Opinion / Is colourblind casting, such as Gemma Chan in drama ‘Mary Queen of Scots’, the way of the future?

Hollywood has been accused of ‘whitewashing’ – or casting Caucasian actors for people of colour roles – for years, but are the tables turning finally?
Search on Google for the name of American actress Scarlett Johansson and you will not even need to scroll down before you hit one article or another referring to the controversial casting of her as Major, a cybernetically enhanced soldier, in the film adaptation of one of the world’s most-loved Japanese anime series, Ghost in a Shell.
The complaints about the “whitewashing” of this Asian role were so rampant that they were said to be one of the reasons why the 2017 live action release was a big box-office disappointment.
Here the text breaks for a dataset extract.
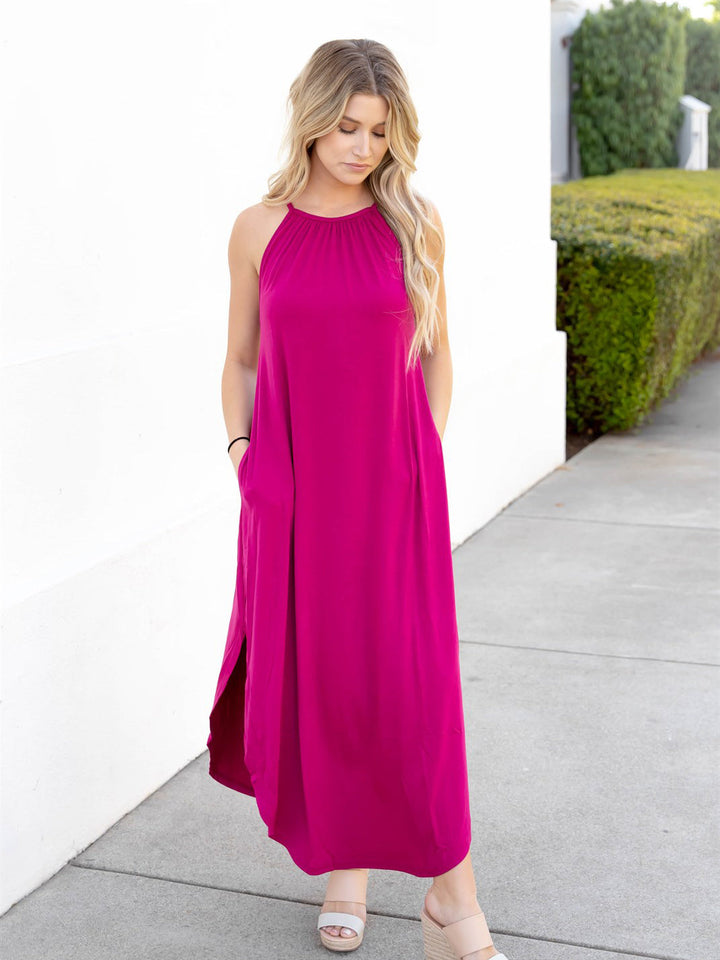 Zoe Halter Tank Dress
We can all accept that whitewashing has been pretty widespread in Hollywood, particularly during the Golden age of the California-based film studios – from the silent era up until the 1960s.
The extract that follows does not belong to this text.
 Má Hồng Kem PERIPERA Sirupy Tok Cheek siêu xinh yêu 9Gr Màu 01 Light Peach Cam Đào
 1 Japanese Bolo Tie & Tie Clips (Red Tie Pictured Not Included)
We saw English-born Elizabeth Taylor cast as an Egyptian ruler in the title role of 1963’s Cleopatra, American John Wayne as Genghis Khan in 1956’s The Conqueror, and Russian actor Yul Brynner as the King of Siam in another 1956 film, The King and I.
If John Wayne can play Genghis Khan, I can play Bess of Hardwick
Yet this practice continued into the 2000s with Angelina Jolie being cast in not one but two roles. The first saw her play Mariane Pearl, someone of mixed race, in the 2007 drama A Mighty Heart. In the second, she played the part of Fox, in 2008’s action thriller Wanted – based on the comic book series of the same name – a character originally shown as being African America.
There was some criticism within the African-American community about Jolie’s casting as Pearl, but Pearl herself, who chose Jolie for the part, defended the choice.